July 24th, 2006 9:22 AM

Complete this sentence: The American Dream is the notion that all Americans, regardless of race, country of origin or obstacles to overcome can succeed, providing they . . .

I'm guessing that for most people, the answer is along the lines "work hard."

Not for the Boston Globe. In an editorial of this morning, American Dream Hopes, the Globe has managed to stand the American Dream on its head. What is required to achieve the American Dream is not self-reliance, hard work, gumption, etc. No, what we need to succeed are government-provided or inspired "housing, employment, diversity, justice, access to technology, education, and healthcare." The editorial later makes clear it is talking about 'affordable housing.' Yet another element of restoring the American Dream: jail diversion programs. But of course!

The Globe has an odd way of telling time. It writes: "The work-hard promise of social mobility used to be a fact. From 1947, when Jackie Robinson joined the Brooklyn Dodgers, to 1968, when Robert F. Kennedy and Martin Luther King Jr. were killed, income inequality decreased, according to the Census Bureau. And families could expect to see their incomes rise. But from 1968 to 1998, income inequality increased."

Was there some cause-and-effect with Jackie playing for the Dodgers and Bobby running for President that the Globe meant to imply? And if the dark ages were 1968-1998, well, LBJ was president in 1968, and Clinton in 1998. So who's to blame?

Still, the Globe manages to identify the guilty party, and it turns out to be . . . capitalism.
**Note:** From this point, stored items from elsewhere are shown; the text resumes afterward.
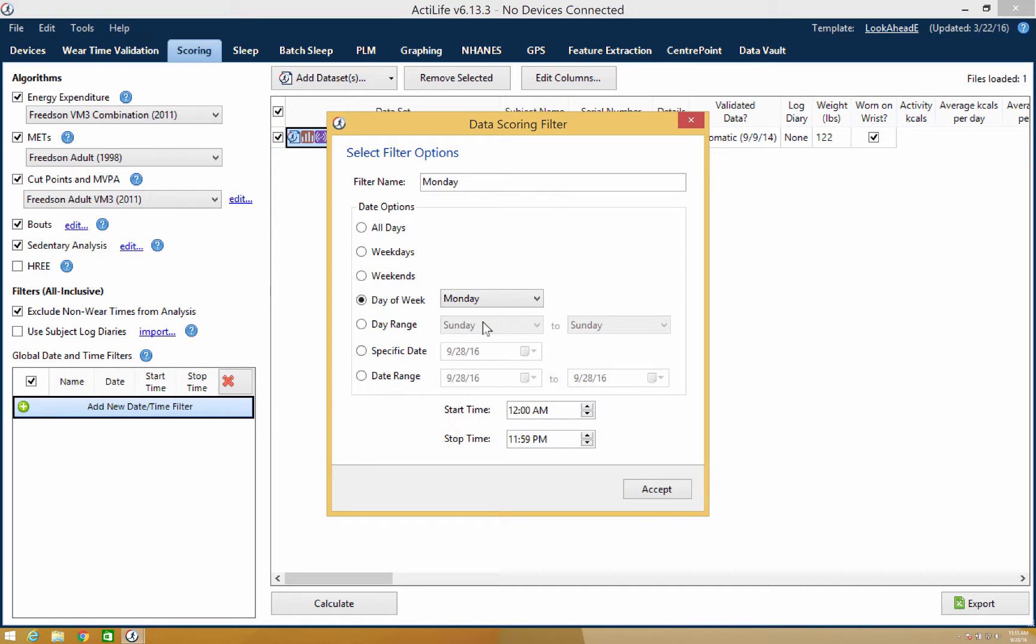When the date options have been applied, you can select a specific time or simply proceed with creating the filter by selecting accept.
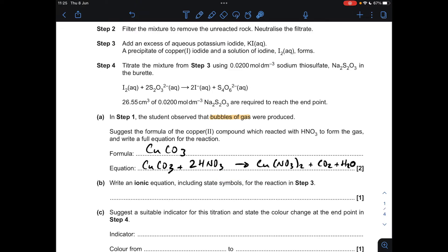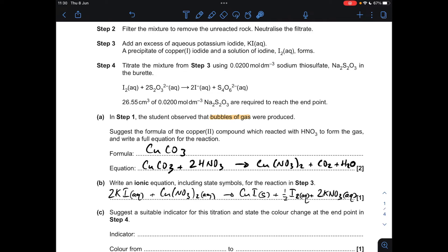Moving on to part B now, I've got to write an equation with state symbols for the reaction taking place in step three. So what's happening in step three? They're adding an excess of aqueous potassium iodide to the filtrate, which is the purified copper-2 nitrate solution, and we're told a precipitate of copper-1 iodide and a solution of iodine forms. So the first thing I'm going to do is write the full equation, and then we'll get it to the ionic equation from that. This is not the final answer — it's the full equation.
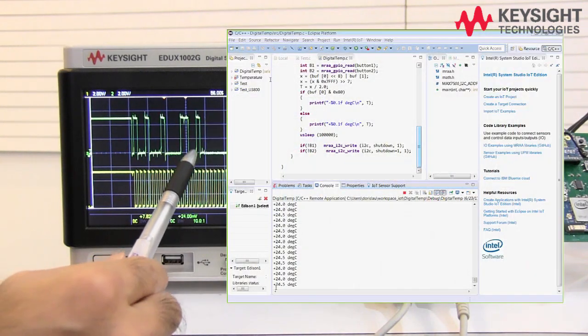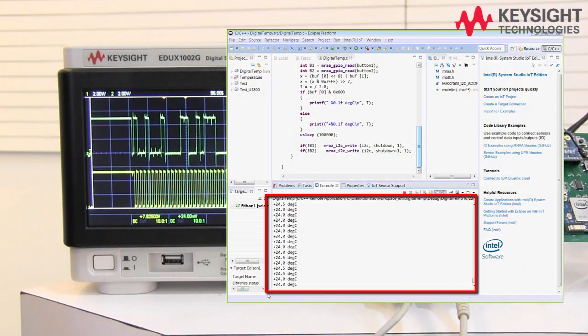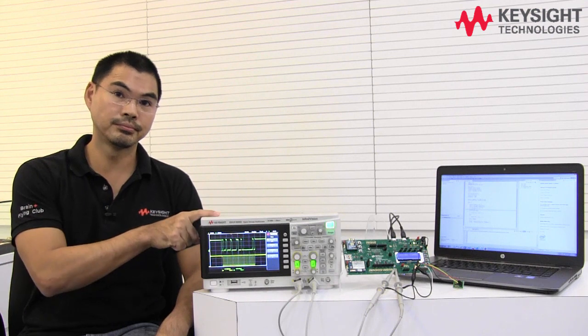This is because the room temperature right now varies at about plus minus 0.5 degrees Celsius. Using the digital oscilloscope to monitor the I2C signal can be a great help for you to understand and learn about the digital communication protocol.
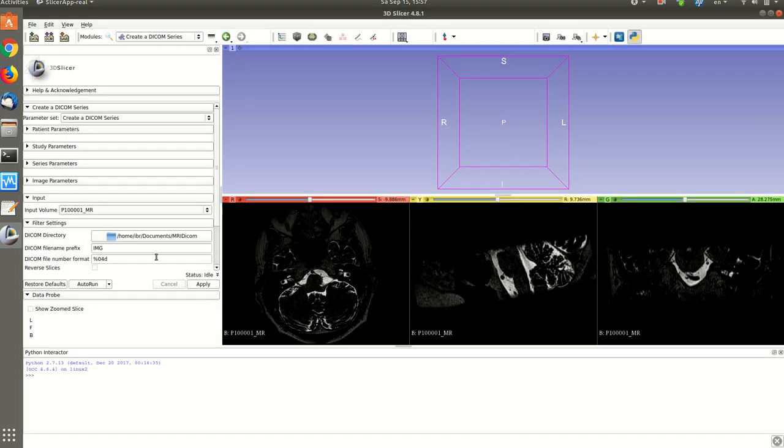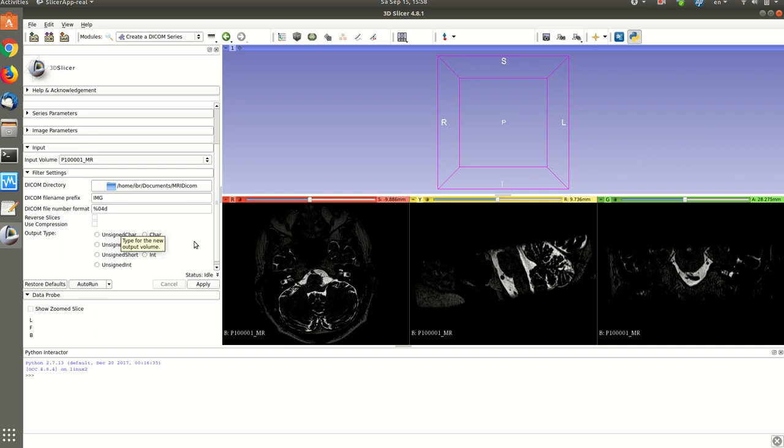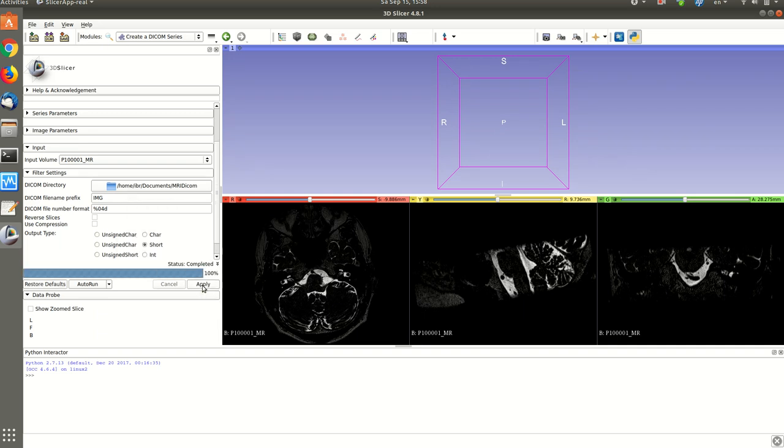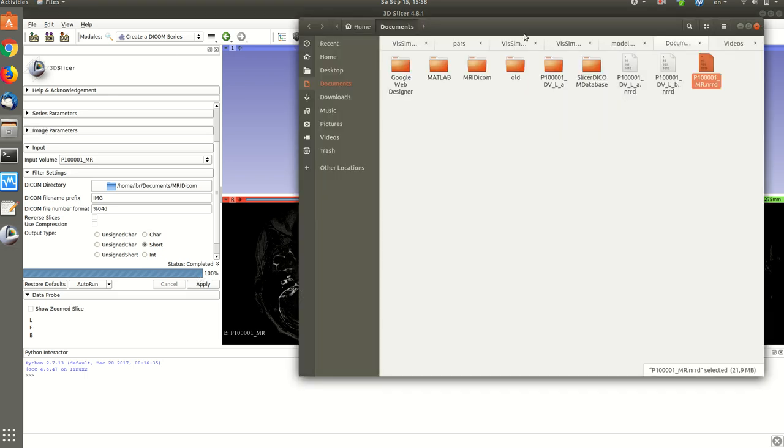You can keep the default parameter or you can change them as you like. After you finish, you click apply and in a few seconds you will create the DICOM folder.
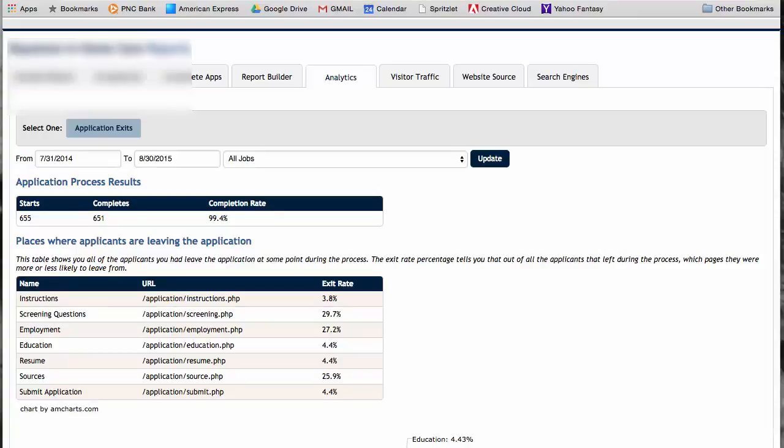That's probably acceptable because maybe they read a little bit more and didn't want to spend the time. But you have about 30% leaving at the screening questions. So you might want to look at the screening questions, maybe reduce them by one or two. There is a magic number on surveys of how many questions you should ask ahead of time.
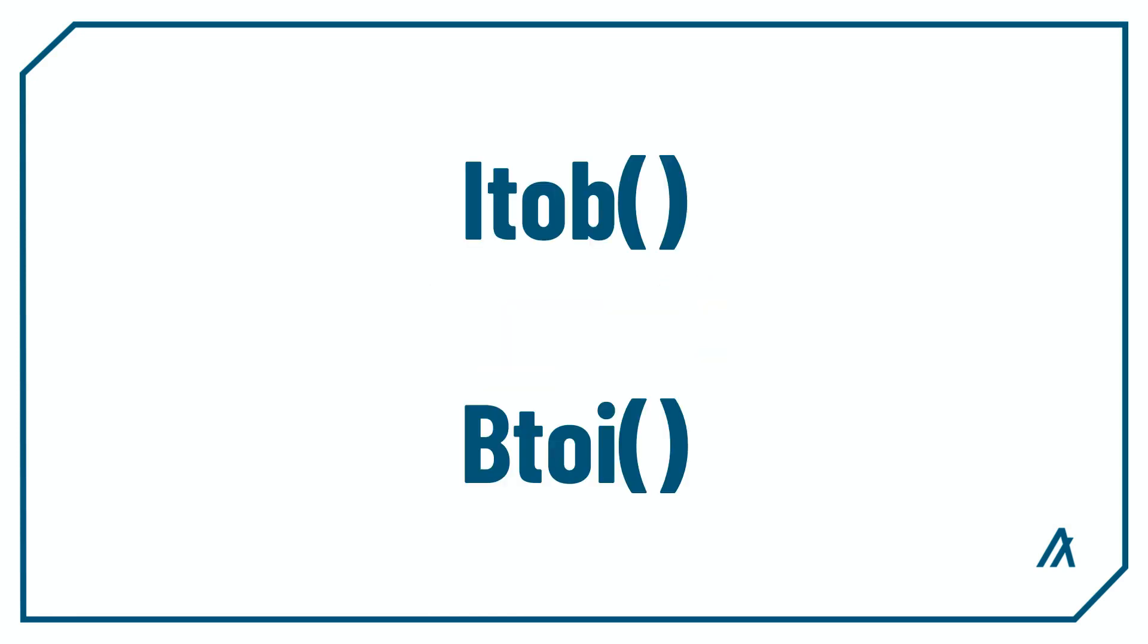PyTeal also provides functions to convert between these two data types, and you can do so with the function Itob to convert from int to bytes, and Btoi for the other way.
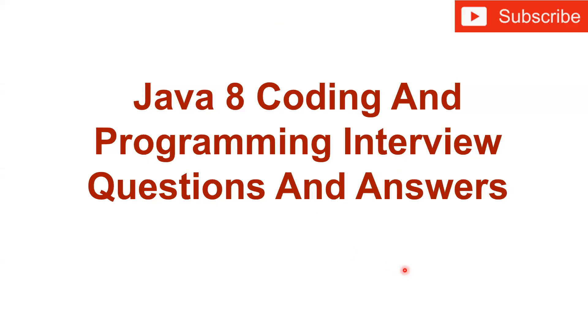Hello friends, welcome back. In this tutorial, we are going to see a Java 8 coding and programming interview question.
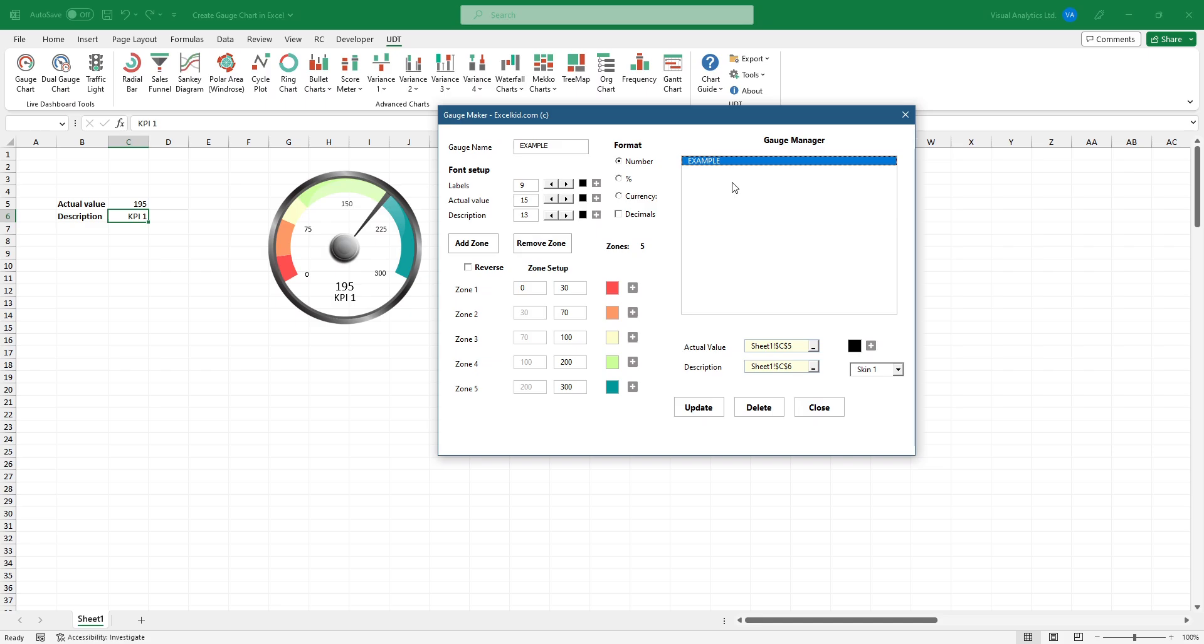You can easily add or remove zones. If you want to change the zone colors, simply modify them.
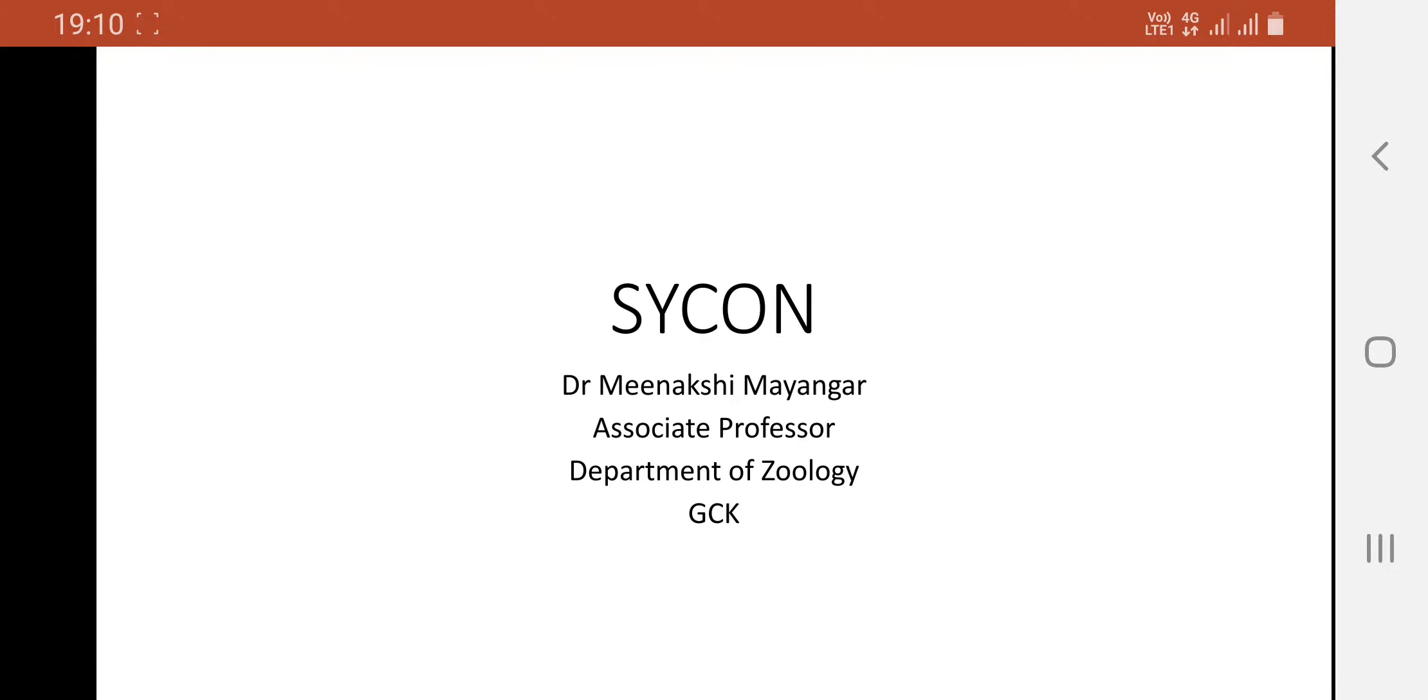Good morning everybody. Myself, Dr. Meenakshi Mayagar, Associate Professor, Department of Zoology, Government College, Kuta.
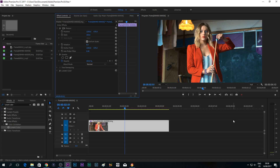Hey guys, what is up? TaraArtsMovie here with another super exciting tutorial. Today I'm gonna be answering a question that I always receive, which is how I color grade all of my short films and all of my videos and export it as a LUT.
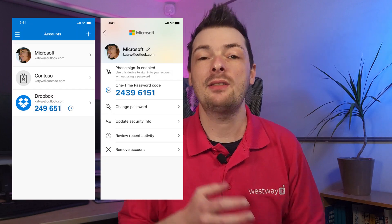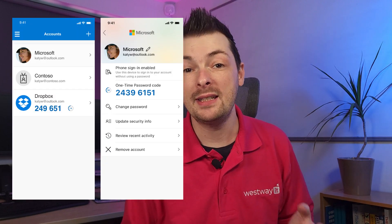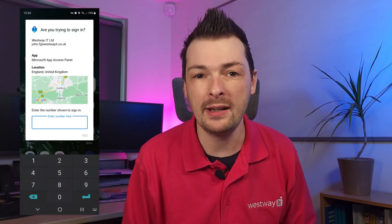It's all based on the Authenticator app. This is where all your accounts live and it can support more than just Microsoft accounts. You'll see a bunch of codes changing every 30 seconds. These can be used even if you haven't got any signal, perfect for if you're in a not spot. But more often you'll be seeing a prompt to approve a sign-in.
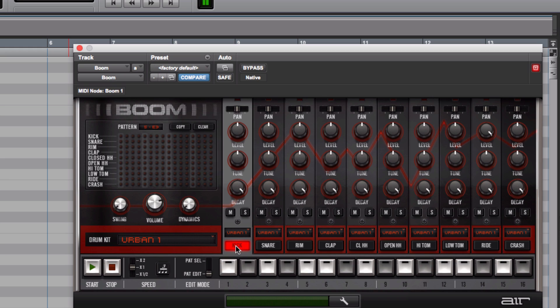I'm going to click on kick, and now every quarter note beat, or every 4 of these things you can see by these lines here, I'm going to enter a note.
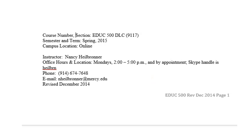Here you have the course information, including my contact information. You will see that I do hold office hours; however, if these office hours don't fit your schedule, please send me an email and I will be happy to set up a separate meeting. If you would prefer Skype, you can send me a contact request — my handle is Heilbrunn, H-E-I-L-B-R-N — and we can conduct a meeting by Skype. My contact email is also provided here and I do prefer this email over the course email; however, I will respond to both.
Or as the Globe puts it: "The dream was deflated by well-known culprits: lost manufacturing jobs, expensive housing, single-parent households, the declining worth of the minimum wage, and pay lavished on highly skilled workers while the income of regular folks stagnated."

Don't you love that last line? 'Pay lavished on highly skilled workers'?

Yes, if only the power to fix pay levels were taken away from those evil forces of the free market, and given to government bureaucrats - those paragons of wisdom and fairness - we would have true equity in this great land of ours. The American Dream would once again flourish - at least in the minds of the nostalgics for socialism that are the editorial board of the Boston Globe.